> **Aim of the task**
Among the entries below, one stretch runs from the line that contains "1560 Parks Mill" through the line that contains "a pink star on a black background". Repeat that stretch exactly, ends included, and only that.

(Extracted data entries)
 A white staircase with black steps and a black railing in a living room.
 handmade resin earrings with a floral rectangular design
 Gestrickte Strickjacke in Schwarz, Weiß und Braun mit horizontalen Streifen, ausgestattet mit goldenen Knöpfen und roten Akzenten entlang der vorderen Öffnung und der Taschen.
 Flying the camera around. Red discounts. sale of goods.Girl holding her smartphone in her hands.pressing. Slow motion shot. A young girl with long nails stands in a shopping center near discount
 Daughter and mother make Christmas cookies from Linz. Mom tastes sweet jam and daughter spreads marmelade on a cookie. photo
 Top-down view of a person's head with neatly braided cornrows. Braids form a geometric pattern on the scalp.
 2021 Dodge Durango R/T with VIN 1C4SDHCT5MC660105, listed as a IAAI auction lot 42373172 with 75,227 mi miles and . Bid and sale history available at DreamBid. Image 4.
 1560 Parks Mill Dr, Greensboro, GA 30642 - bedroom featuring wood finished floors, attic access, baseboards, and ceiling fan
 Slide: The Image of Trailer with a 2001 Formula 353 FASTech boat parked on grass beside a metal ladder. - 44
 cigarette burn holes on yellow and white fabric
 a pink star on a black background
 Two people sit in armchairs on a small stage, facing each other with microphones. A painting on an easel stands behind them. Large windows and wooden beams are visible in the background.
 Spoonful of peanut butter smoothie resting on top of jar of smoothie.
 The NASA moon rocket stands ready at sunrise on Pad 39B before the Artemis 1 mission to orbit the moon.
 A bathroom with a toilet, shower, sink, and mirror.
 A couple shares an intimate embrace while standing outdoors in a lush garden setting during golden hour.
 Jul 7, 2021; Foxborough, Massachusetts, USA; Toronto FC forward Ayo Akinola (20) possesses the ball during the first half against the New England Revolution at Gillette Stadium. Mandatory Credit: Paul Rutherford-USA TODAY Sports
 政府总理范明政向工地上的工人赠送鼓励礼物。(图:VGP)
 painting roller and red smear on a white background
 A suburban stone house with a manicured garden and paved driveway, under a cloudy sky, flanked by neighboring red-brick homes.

> **Result of the exercise**
 1560 Parks Mill Dr, Greensboro, GA 30642 - bedroom featuring wood finished floors, attic access, baseboards, and ceiling fan
 Slide: The Image of Trailer with a 2001 Formula 353 FASTech boat parked on grass beside a metal ladder. - 44
 cigarette burn holes on yellow and white fabric
 a pink star on a black background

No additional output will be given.